Kinder und Jugendliche

Ebenso schwierig ist es für Kinder und Jugendliche, einen Behandlungstermin zu bekommen. Britta Orlowsky ist Dessaus einzige Fachtherapeutin für die Leiden der jungen Menschen, von denen nur jeder zweite der Behandelten aus Dessau-Roßlau kommt. Das Einzugsgebiet umfasst Köthen, Bitterfeld-Wolfen, Oranienbaum und Umgebung. Orlowsky sagt: "Auf einen Termin gedulden sich die jungen Patienten etwa anderthalb Jahre." Verheerend für Kinder, die möglichst zügig Hilfe in Anspruch nehmen sollten, damit ihre Entwicklung nicht gestört werde, erklärt die Spezialistin.

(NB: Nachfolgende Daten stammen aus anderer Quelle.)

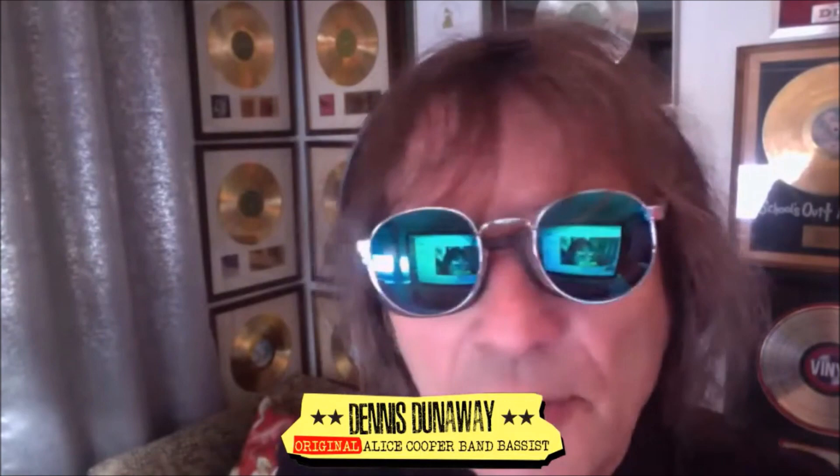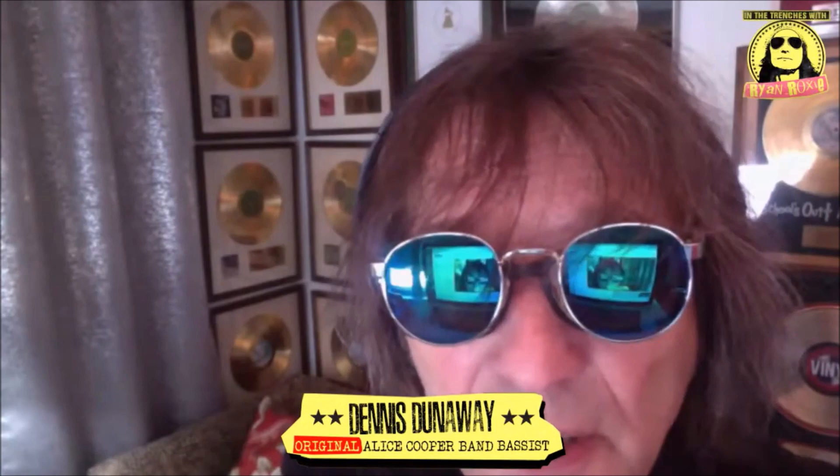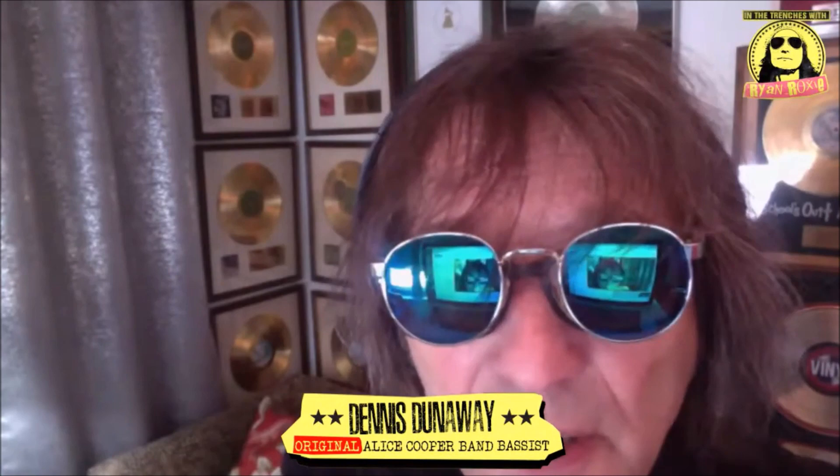The one I use now is the Billion Dollar Bass. It's the Fender Jazz 1970. I had three 1970 Fender Jazz basses. Guess which year the Alice Cooper group could afford equipment? 1970. Exactly.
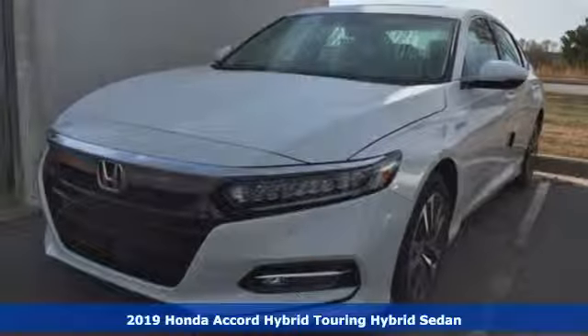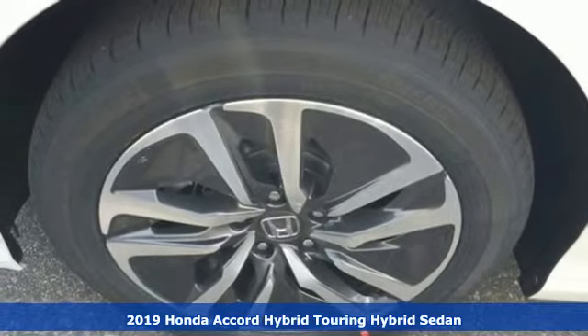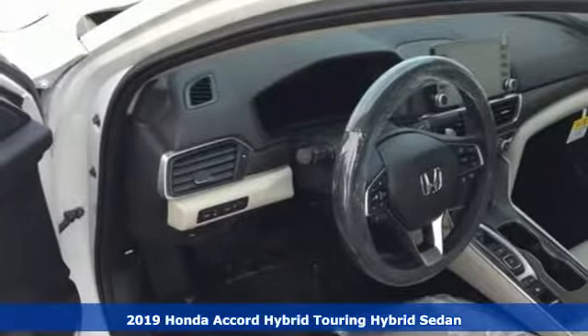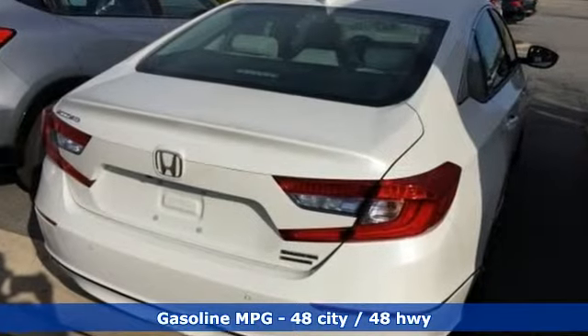Here's a new 2019 Honda Accord Hybrid. This Accord Hybrid offers refined elegance, technology that keeps you comfortable, connected and safe, and amazing fuel efficiency. Your friends will be green with envy.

Und deren Leiden sind nicht von ungefähr: Zum Wechsel von der vierten in die fünfte Klasse steigt der Leistungsdruck. Eltern wollen den besten Ausbildungsweg für ihre Kinder - die wiederum zermürben an Schul- und Leistungsängsten. Andere Kinder und Jugendliche müssen den Tod eines Elternteils verarbeiten oder die Trennung der Eltern verkraften. Manch ein kleiner Patient wurde misshandelt. "Ein Kind oder Jugendlicher bleibt ein bis zwei Jahre in Therapie", sagt Britta Orlowsky.

Statistik und Realität

Trotz der immens langen Wartezeit für Neupatienten von bis zu anderthalb Jahren sieht die Kassenärztliche Vereinigung (KV) keinen eklatanten Mangel an Therapeuten in der Stadt. Der rechnerisch statistische Bedarf sei gedeckt, heißt es in Magdeburg auf Anfrage der MZ. In Dessau versorge ein psychologischer Psychotherapeut 11 409 Einwohner, in Roßlau komme ein Spezialist auf 24 770 Einwohner, so die KV. Unberücksichtigt bleibt in den Statistiken allerdings, wie viele Patienten aus den umliegenden Orten kommen.

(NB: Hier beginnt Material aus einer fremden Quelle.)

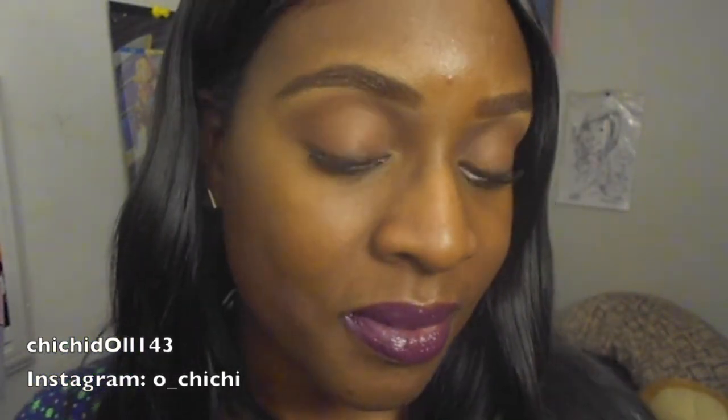So you guys can see what the color looks like. Here's what the purple lipstick looks like — I hope you guys really like this video.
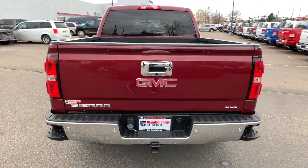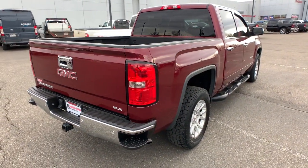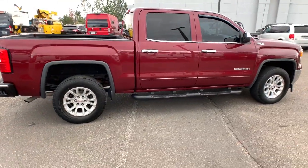Whether you're towing, hauling, or managing the everyday demands of your busy life, you can count on this brawny full-size pickup to get the job done right.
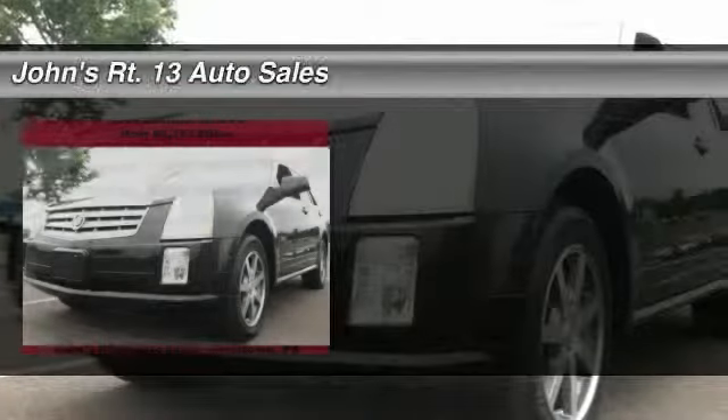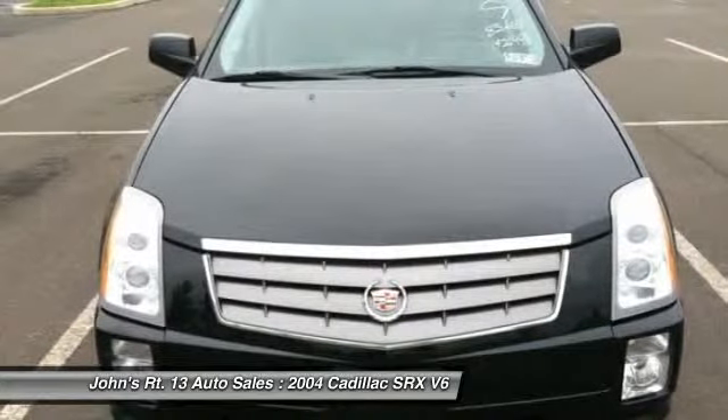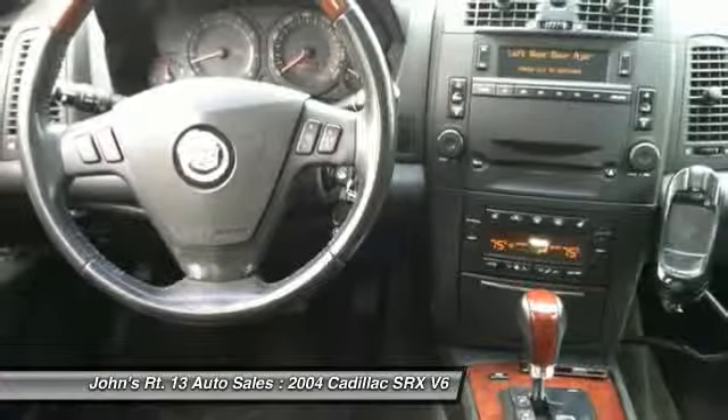The 2004 Cadillac SRX. The Cadillac SRX is beautiful from every angle. For driving enthusiasts, there's track-tuned handling, advanced engine power, and the added confidence of available all-wheel drive.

Indes sind fünf Stellen für psychotherapeutisch tätige Ärzte in der Stadt unbesetzt, zudem eine Stelle für einen Kinder- und Jugend-Psychotherapeuten in Roßlau. Doch es gibt kaum ausgebildete psychotherapeutisch tätige Ärzte in Ostdeutschland und die fünf offenen Stellen können nicht an potentielle psychologische Psychotherapeuten ausgeschrieben werden. Es sei ein berufspolitisches Spiel, das zwischen Ärzten und Psychotherapeuten ausgetragen werde. Dabei habe die Ärzteschaft in der Kassenärztlichen Vereinigung bereits auf einige Stellen verzichtet, sagt Barbara Orchinski, die die Therapeuten in der Kassenärztlichen Vereinigung in Magdeburg vertritt. Weitere würden allerdings nicht an Psychotherapeuten abgegeben. Indes äußert sich Orchinski zuversichtlich, dass sich die  Versorgungssituation verbessern werde. Wobei sie jegliche Konkretisierung vermeidet: "Ein neues Plan-Verfahren wird derzeit diskutiert. In den nächsten zwei Jahren wird sich die Situation verändern."